Resolving problem: MQTT client does not connect

Resolve the problem of an MQTT client program failing to connect to the telemetry (MQXR) service.

Before you begin

Is the problem at the server, at the client, or with the connection? Have you have written your own MQTT v3 protocol handling client, or an MQTT client app using the C or Java WebSphere® MQTT clients?

Run the verification application supplied with WebSphere MQ Telemetry on the server, and check that the telemetry channel and telemetry (MQXR) service are running correctly. Then transfer the verification application to the client, and run the verification application there.

About this task

There are a number of reasons why an MQTT client might not connect, or you might conclude it has not connected, to the telemetry server.

Procedure

  1. Consider what inferences can be drawn from the reason code that the telemetry (MQXR) service returned to MqttClient.Connect. What type of connection failure is it?
    Option Description
    REASON_CODE_INVALID_PROTOCOL_VERSION

    Make sure that the socket address corresponds to a telemetry channel, and you have not used the same socket address for another broker.
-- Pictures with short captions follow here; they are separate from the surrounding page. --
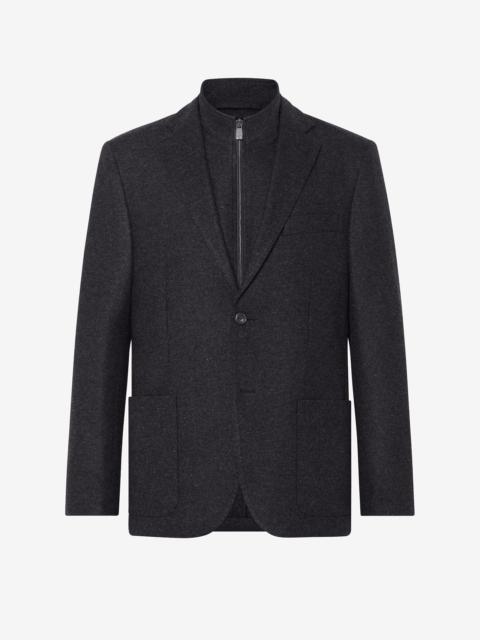 CORNELIANI Grey 2-button jersey wool flannel jacket
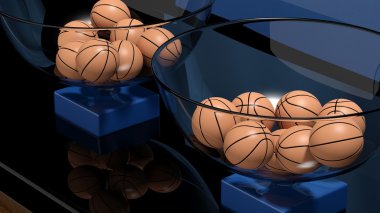 Basketbol topları closeup ile piyango sepetleri 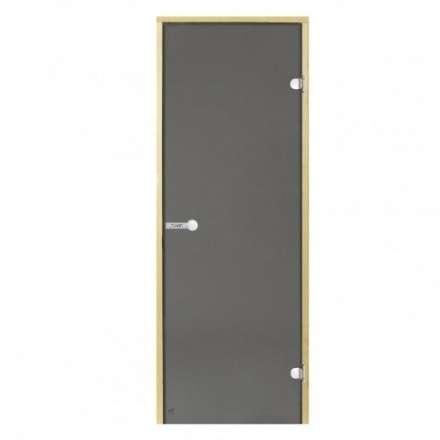 Дверь для бани стеклянная Harvia 7/19 коробка сосна, серая в Мозыре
    REASON_CODE_INVALID_CLIENT_ID

    Check that the client identifier is no longer than 23 bytes, and contains only characters from the range: A-Z, a-z, 0-9, './_%

    REASON_CODE_INVALID_DESTINATION

    Check that the client identifier is not the same as the queue manager name.

    REASON_CODE_SERVER_CONNECT_ERROR

    Check that the telemetry (MQXR) service and the queue manager are running normally. Use netstat to check that the socket address is not allocated to another application.

    If you have written an MQTT client library rather than use one of the libraries provided by IBM® WebSphere MQ Telemetry, look at the CONNACK return code.

    From these three errors you can infer that the client has connected to the telemetry (MQXR) service, but the service has found an error.

  2. Consider what inferences can be drawn from the reason codes that the client produces when the telemetry (MQXR) service does not respond:
    Option Description
    REASON_CODE_CLIENT_EXCEPTION
    REASON_CODE_CLIENT_TIMEOUT

    Look for an FDC file at the server; see Server-side logs. When the telemetry (MQXR) service detects the client has timed out, it writes a first-failure data capture (FDC) file. It writes an FDC file whenever the connection is unexpectedly broken.

    The telemetry (MQXR) service might not have responded to the client, and the timeout at the client expires. The WebSphere MQ Telemetry Java client only hangs if the application has set an indefinite timeout. The client throws one of these exceptions after the timeout set for MqttClient.Connect expires with an undiagnosed connection problem.

    Unless you find an FDC file that correlates with the connection failure you cannot infer that the client tried to connect to the server:

    1. Confirm that the client sent a connection request.

      Check the TCPIP request with a tool such as tcpmon, available from https://java.net/projects/tcpmon

    2. Does the remote socket address used by the client match the socket address defined for the telemetry channel?

      The default file persistence class in the Java SE MQTT client supplied with IBM WebSphere MQ Telemetry creates a folder with the name: clientIdentifier-tcphostNameport or clientIdentifier-sslhostNameport in the client working directory. The folder name tells you the hostName and port used in the connection attempt; see Client-side log files.

    3. Can you ping the remote server address?
    4. Does netstat on the server show the telemetry channel is running on the port the client is connecting too?
  3. Check whether the telemetry (MQXR) service found a problem in the client request.

    The telemetry (MQXR) service writes errors it detects into mqxr.log, and the queue manager writes errors into AMQERR01.LOG; see

  4. Attempt to isolate the problem by running another client.
    • Run the MQTT sample application using the same telemetry channel.
    • Run the wmqttSample GUI client to verify the connection. Get wmqttSample by downloading SupportPac IA92.
      Note: Older versions of IA92 do not include the MQTT v3 Java client library.

    Run the sample programs on the server platform to eliminate uncertainties about the network connection, then run the samples on the client platform.

  5. Other things to check:
    1. Are tens of thousands of MQTT clients trying to connect at the same time?

      Telemetry channels have a queue to buffer a backlog of incoming connections. Connections are processed in excess of 10,000 a second. The size of the backlog buffer is configurable using the telemetry channel wizard in IBM WebSphere MQ Explorer. Its default size is 4096. Check that the backlog has not been configured to a low value.

    2. Are the telemetry (MQXR) service and queue manager still running?
    3. Has the client connected to a high availability queue manager that has switched its TCPIP address?
    4. Is a firewall selectively filtering outbound or return data packets?